The Marshfield work, which was supported by flu vaccine manufacturer CSL Seqirus and by the CDC, estimated vaccine effectiveness in children and adults aged 6 months to 64 years to be 54%. A second study, in children aged 1 to 17 showed vaccine effectiveness of 71% against symptomatic flu infection.

Data from a network of seven children’s hospitals showed the vaccine was 49% protective against being sick enough to either require hospitalization or care in an emergency department. Analysis of data from a second surveillance network put vaccine effectiveness at 46% for people aged 18 to 64 years, and 39% for people 65 and older who turned to an emergency department or an urgent care center for care.

The U.S. findings were in line with vaccine effectiveness data from Canada that were published earlier this month in the journal Eurosurveillance.
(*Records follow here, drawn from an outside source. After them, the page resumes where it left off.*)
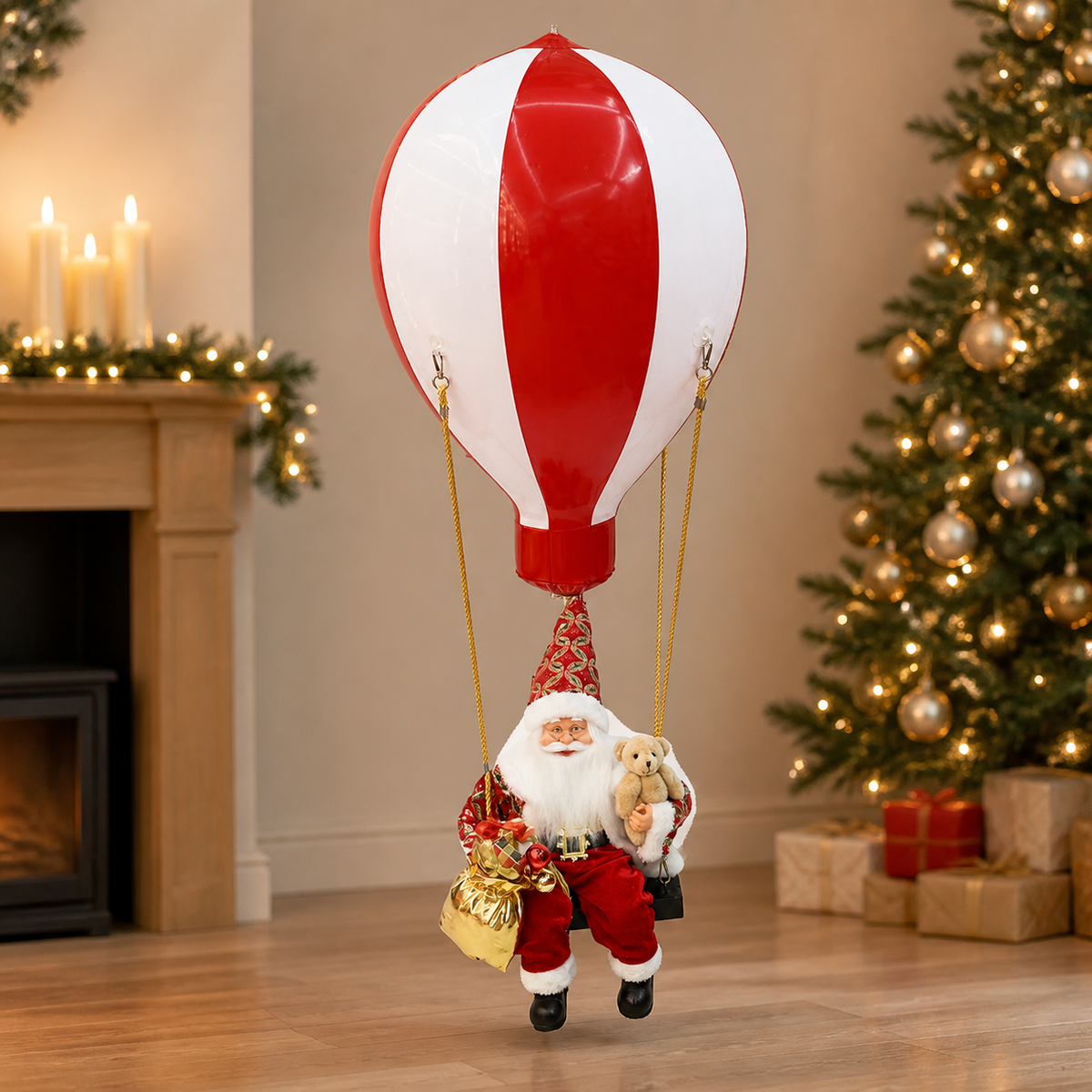 Papá Noel decorativo en globo aerostático — 8847-5 — vista 1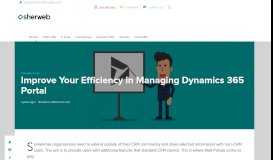 
							         Improve Your Efficiency in Managing Your Dynamics 365 Portal l ...								  
							    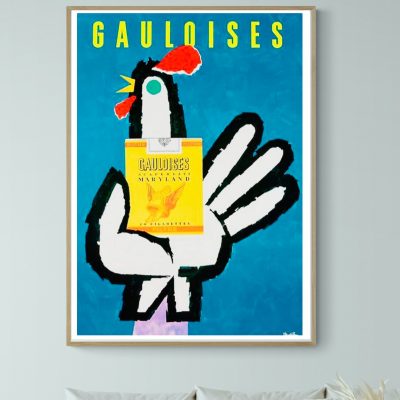 Affiche vintage Liberty Cigarettes avec design artistique coloré et style rétro.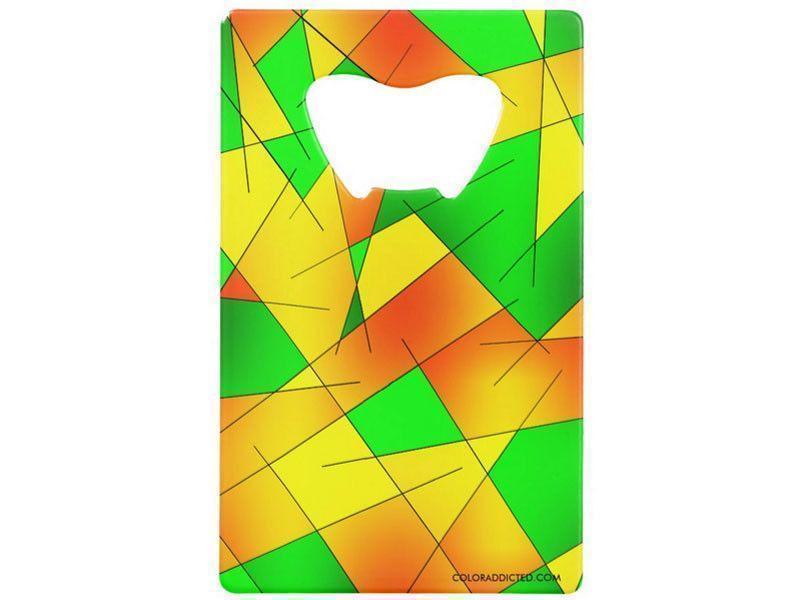 Credit Card Bottle Openers-ABSTRACT LINES #1 Credit Card Bottle Openers-Greens, Oranges &amp; Yellows-from COLORADDICTED.COM-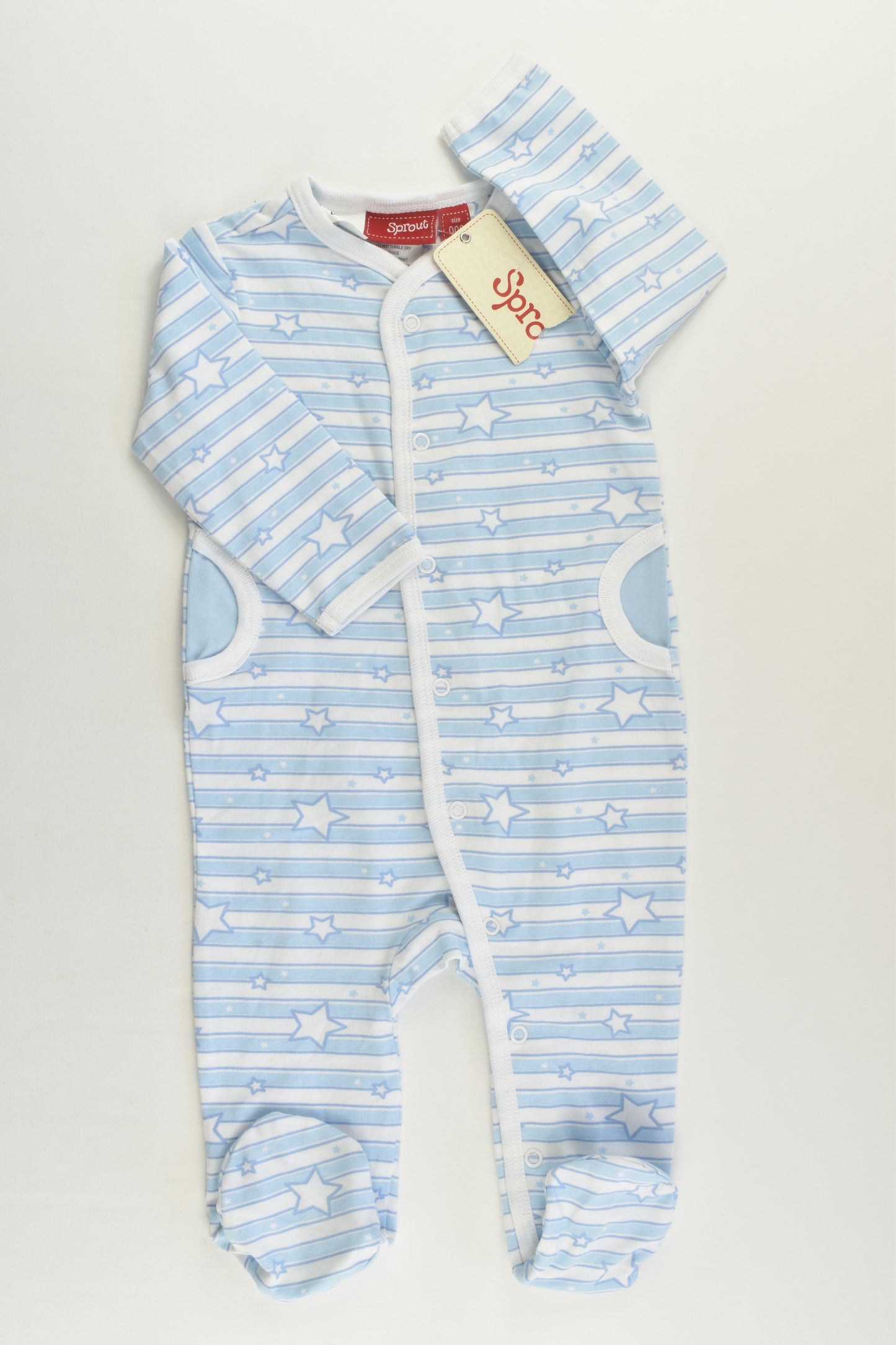 NEW Sprout Size 000 Stars Footed Romper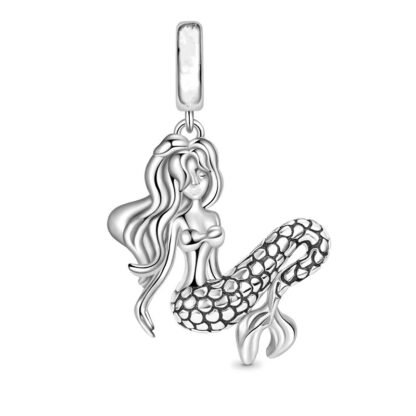 Silver Mermaid Girl Charm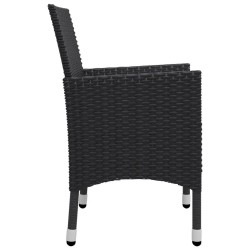 Ensemble de bistro de jardin 3 pcs rotin et bois d’acacia noir 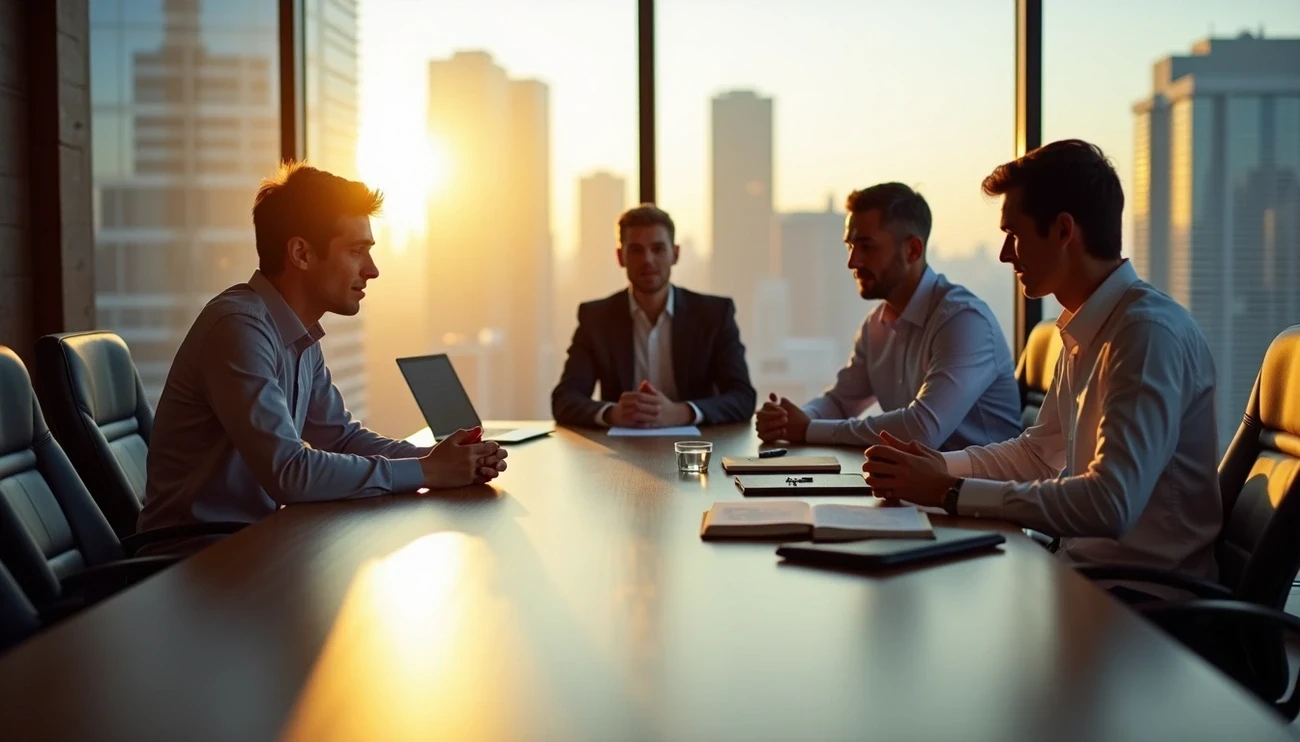 Vier Fachleute führen eine ernsthafte Diskussion an einem Konferenztisch, im Hintergrund Stadtpanorama und Sonnenuntergang.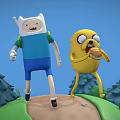 Finn and Jake Adventure Time Characters Eating Burger on Hill with Green Trees Blue Sky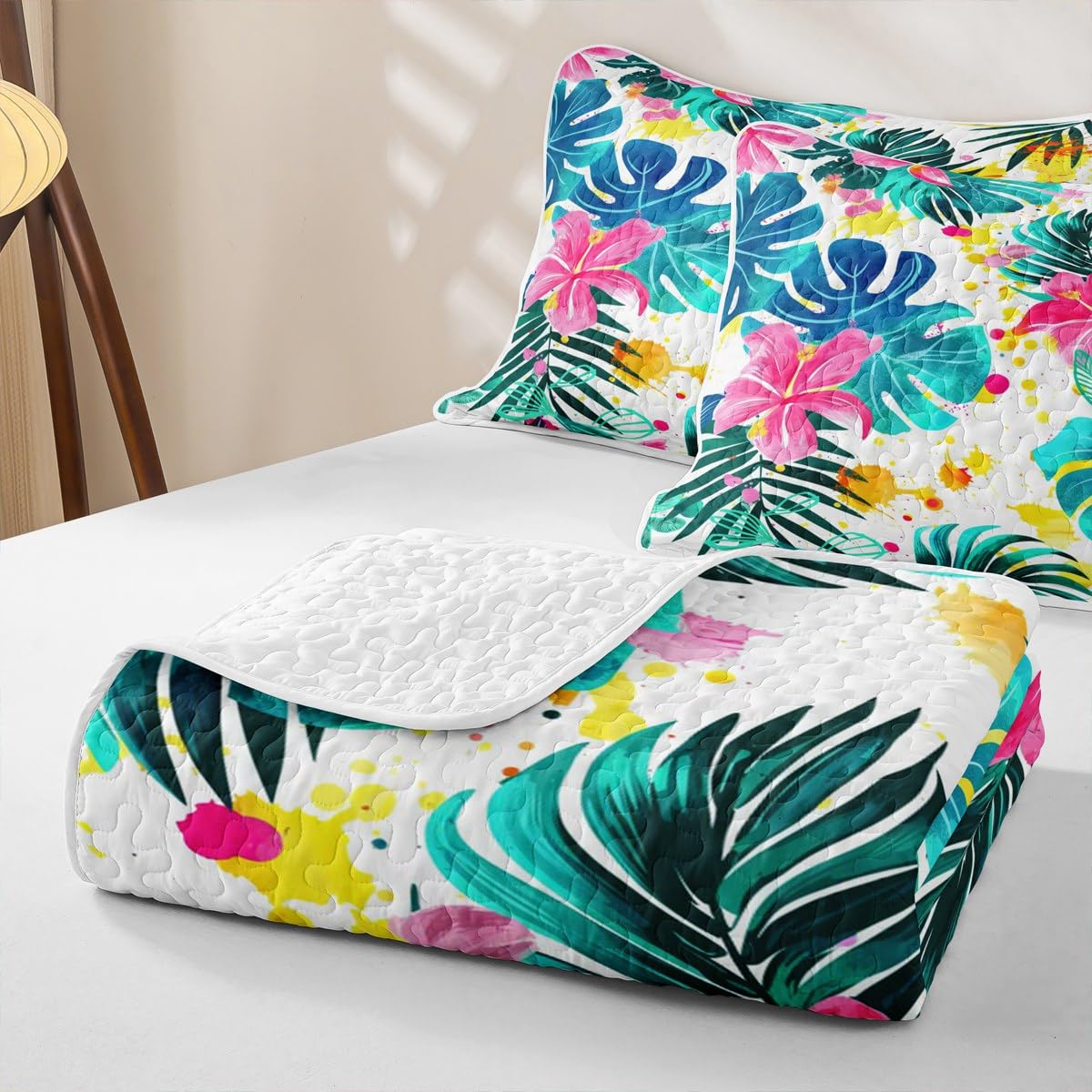 Erosebridal Palm Leaves Quilt Set Twin Summer Hawaiian Quilt Tropical Botanical Floral Bedding Coverlet Watercolor Graffiti Bedspread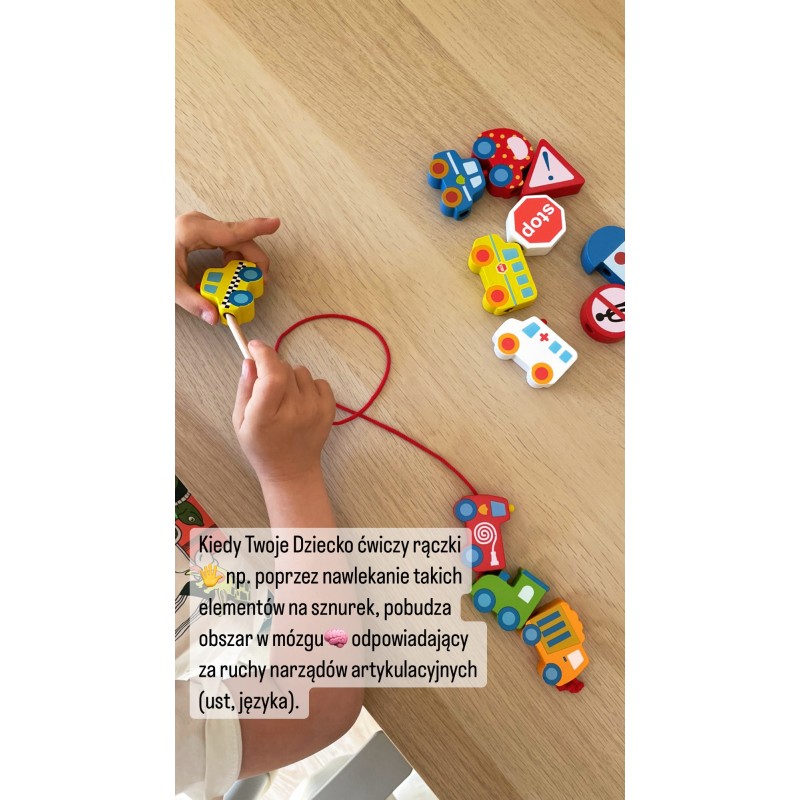 VIGA Drewniane Klocki Drewniane Przeplatanka Sznurowanka Samochody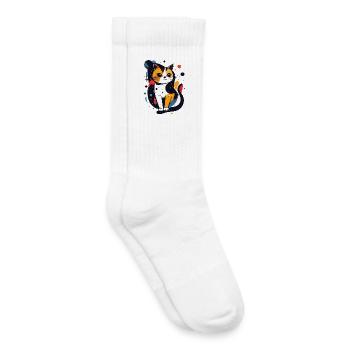Pop Art Cat Cosmos Digital Art Motif - Kids Tennis Socks - white - Right
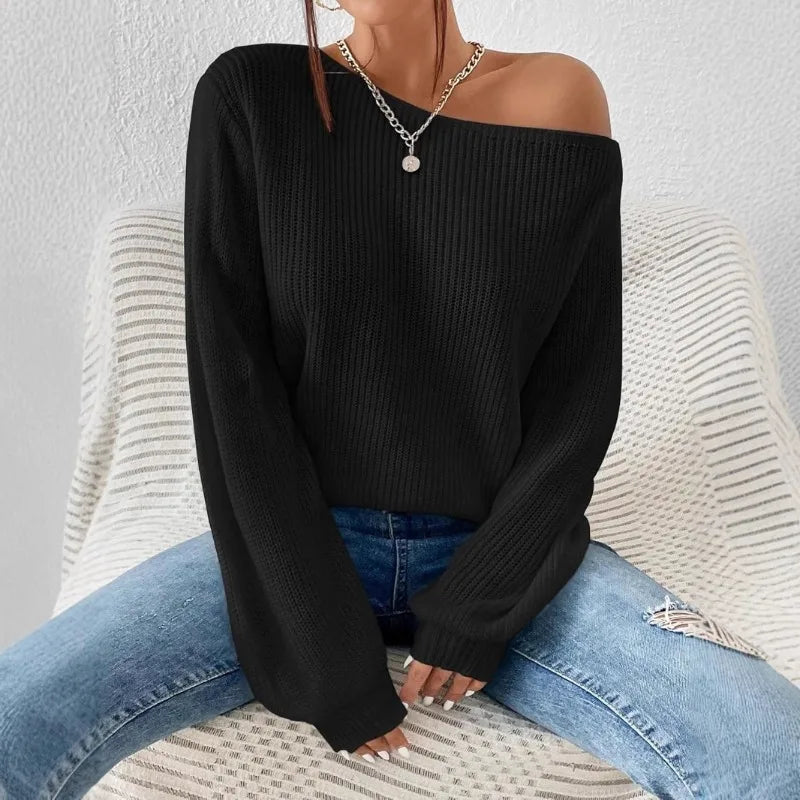 1. Off The Shoulder Oversized and Comfy Waffle Weave Sweater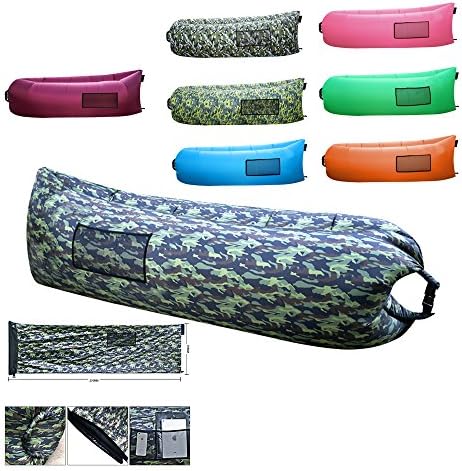 Polan™Inflatable Camouflage Green Air Lounger,Waterproof Lazy Bag for Camping Sleeping Bag Outdoor or Indoor Portable Air Sleeping Sofa for Beach Park Backyard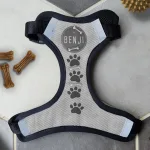 Personalised Dog Harness - Grey Stripes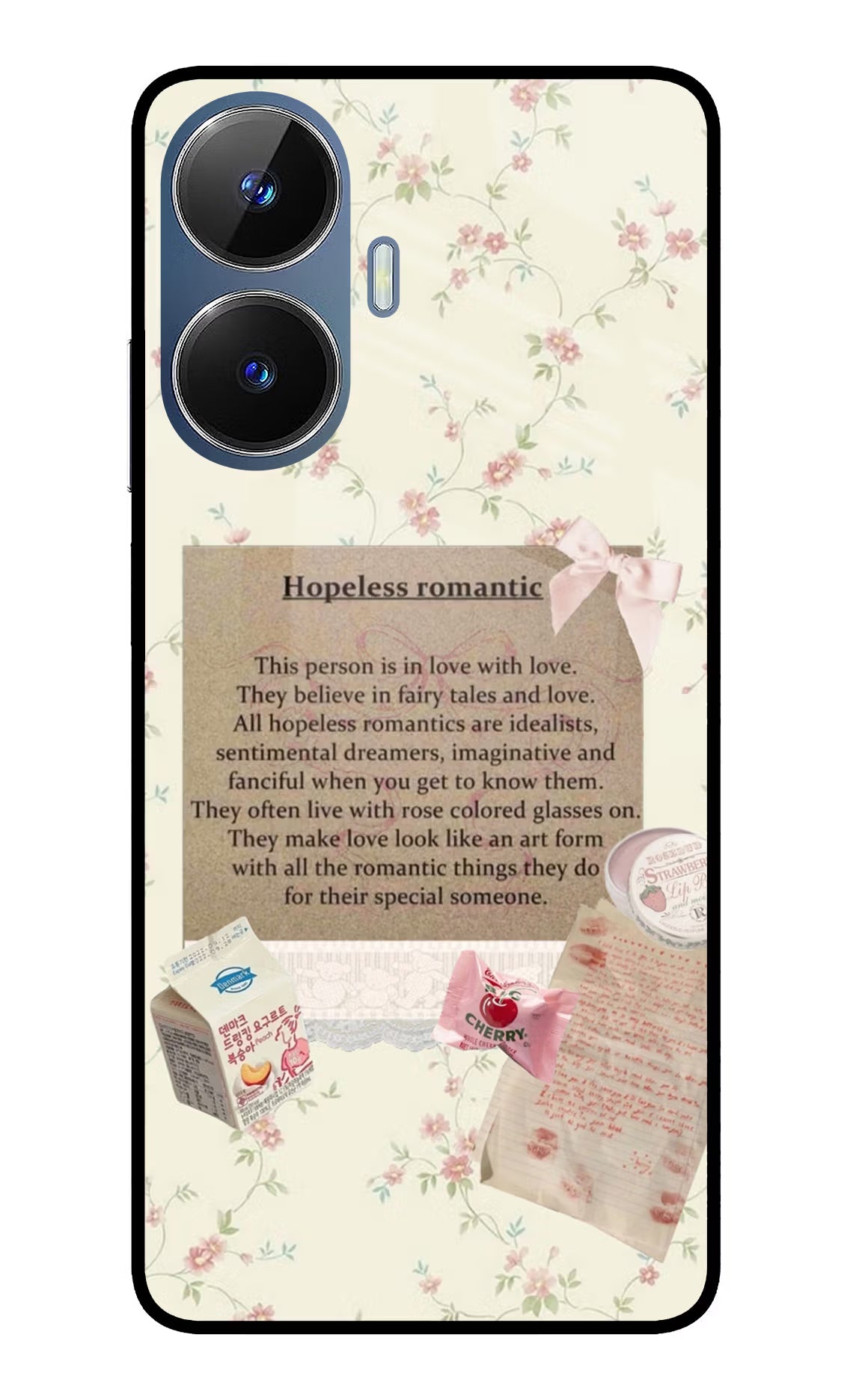 Hopeless Romantic Realme C55/N55 Glass Case Back Cover by Casekaro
Flannery said the viruses that this year’s shot targets are well-matched to those that are making people ill. But additionally, he said, the H3N2 component of the vaccine is strongly immunogenic. “It just works well against the viruses that are circulating.”

Still, though this year’s flu shot performance is good relative to other years, the vaccine effectiveness estimates underwhelmed Sarah Long, one of the members of the ACIP.

“This was the year that we thought there was a very good match,” said Long, a professor of pediatrics at Drexel University College of Medicine. “It’s reassuring somewhat that it’s a higher effectiveness than last year, for instance, or the year before. But it still is, for all of us, disappointing after all of this time and annual immunization. And although we’re saving lives, and saving hospitalizations, we don’t want to lose track of that.”